* ASSIGNMENT *
Only the lines from the one containing "prateleiras jantar casa" to the end of the data below belong in the answer, each repeated exactly; no pictures.

* INPUT MATERIAL *

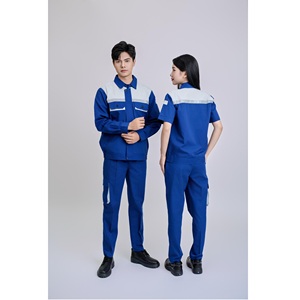 ชุดทำงานผู้ชายสีน้ำเงินและสีเทา แขนสั้น สวมใส่สบาย ทนทาน ปลอดภัย มองเห็นได้ชัดเจน ผลิตในเวียดนาม ระบายอากาศได้ดี FMF - Product Image 4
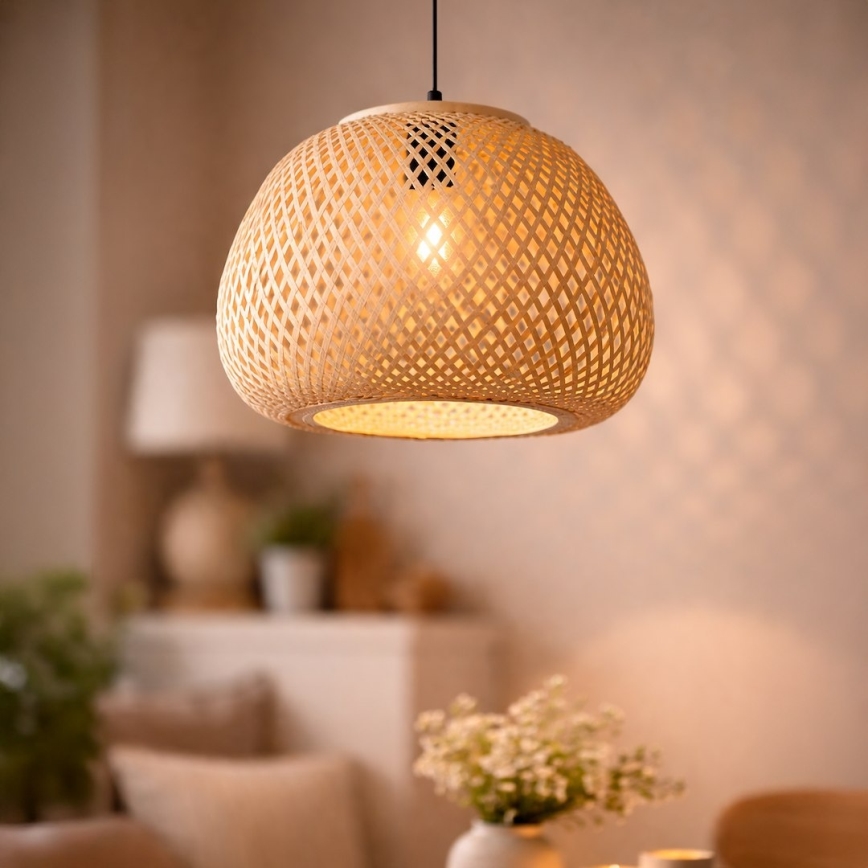 PETRA Cable Pendant Lamp 1xE27/15W/230V, Bamboo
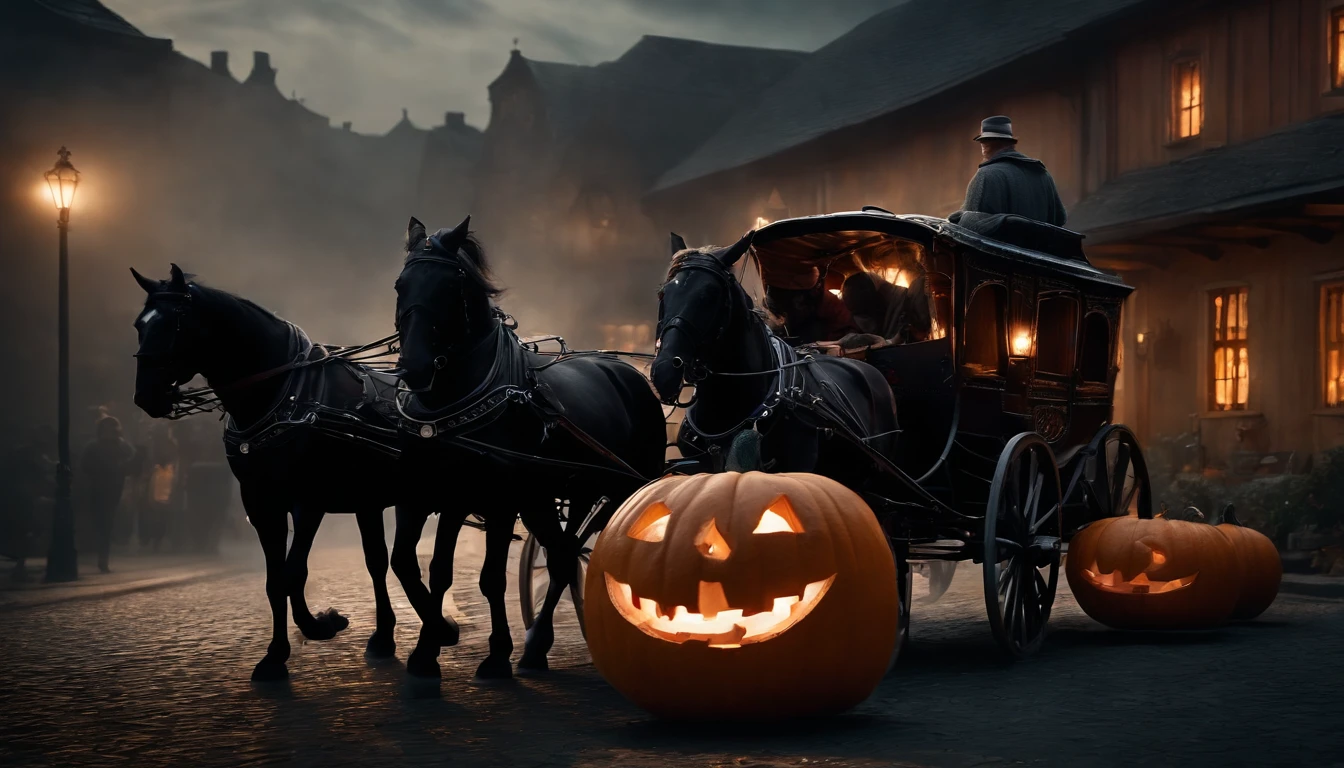 A carriage shaped like a pumpkin with horses run through the village, fantasy village background, detailed object, highly detailed, lots of detail, dynamic composition, aesthetic art, detailed photorealistic painting by irakli nadar, hyperrealism, brandon woelfel, moody cinematic lighting, dark moody backlighting, movie scenes style, moody atmospheric, medium shot, dynamic angle, 500px photography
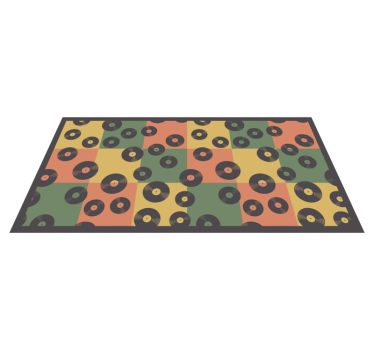 Tapis mosaique vinyle disques vinyles colorés - TenStickers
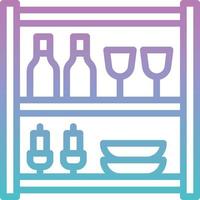 prateleiras jantar casa de móveis de armazenamento de vinho - ícone gradiente vetor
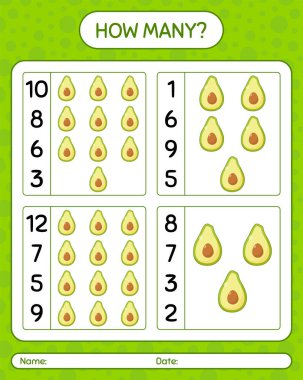 Avokadoyla kaç tane sayma oyunu. Anaokulu çocukları için çalışma listesi, aktivite listesi, yazdırılabilir çalışma tablosu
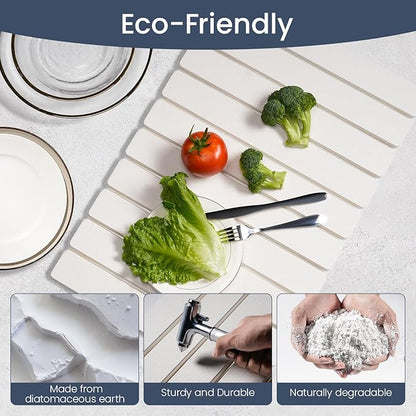 Meowoo Stone Drying Mat for Kitchen Counter, 15.7"x11.8" Foldable Diatomaceous Earth Mat, Super Absorbent, Quick-Dry Bath & Kitchen Pad for Dishes, Cups, Bottles, Non-Slip, Fits Any Countertop - White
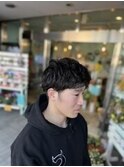 メンズショートアップバングツイストスパイラルパーマ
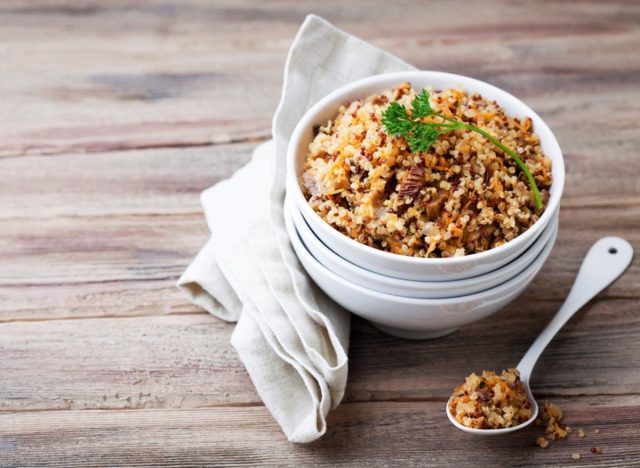 quinoa in bowl, foods that speed up weight loss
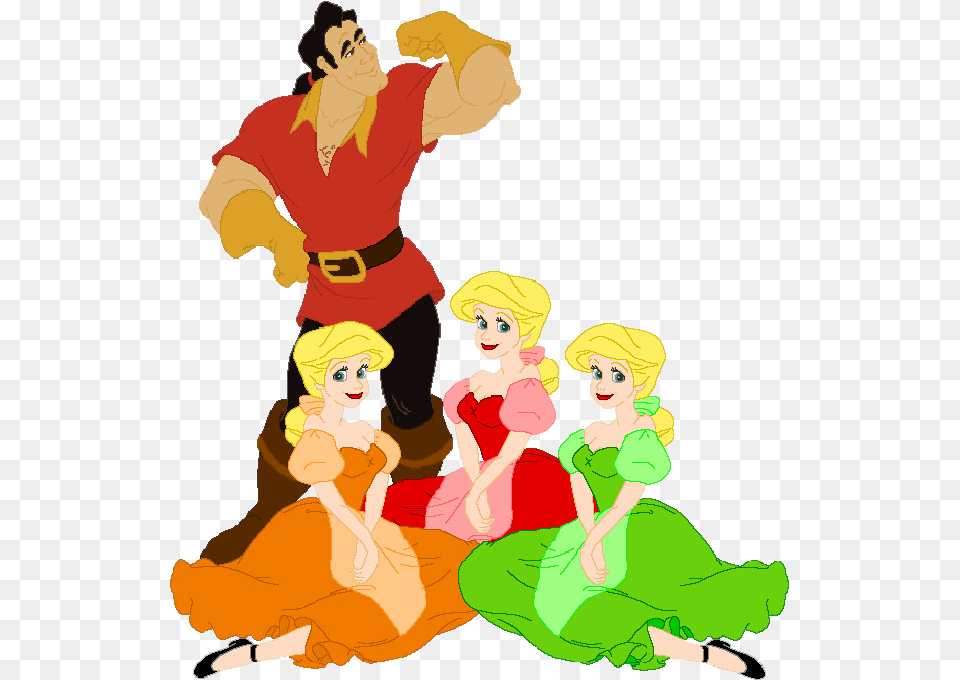 Disney Clipart For Girls Gaston And Silly Girls, Baby, Person, Publication, Book Png Image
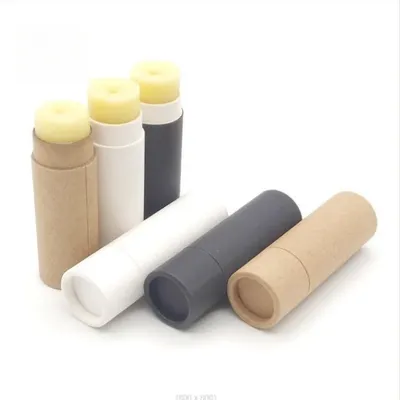 100pcs Eco Friendly Cardboard Tube Lip Balm Container Kraft Biodegradable Paper Cosmetic Push Up
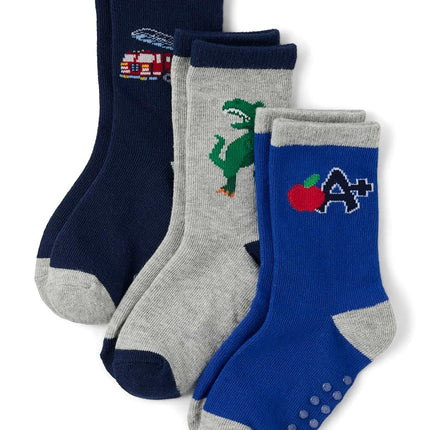 Gymboree Boys' and Toddler Crew Socks, Back to School 3-pack, 12-24 Months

* EXPECTED ANSWER *
 prateleiras jantar casa de móveis de armazenamento de vinho - ícone gradiente vetor
 Avokadoyla kaç tane sayma oyunu. Anaokulu çocukları için çalışma listesi, aktivite listesi, yazdırılabilir çalışma tablosu
 Meowoo Stone Drying Mat for Kitchen Counter, 15.7"x11.8" Foldable Diatomaceous Earth Mat, Super Absorbent, Quick-Dry Bath & Kitchen Pad for Dishes, Cups, Bottles, Non-Slip, Fits Any Countertop - White
 メンズショートアップバングツイストスパイラルパーマ
 quinoa in bowl, foods that speed up weight loss
 Disney Clipart For Girls Gaston And Silly Girls, Baby, Person, Publication, Book Png Image
 100pcs Eco Friendly Cardboard Tube Lip Balm Container Kraft Biodegradable Paper Cosmetic Push Up
 Gymboree Boys' and Toddler Crew Socks, Back to School 3-pack, 12-24 Months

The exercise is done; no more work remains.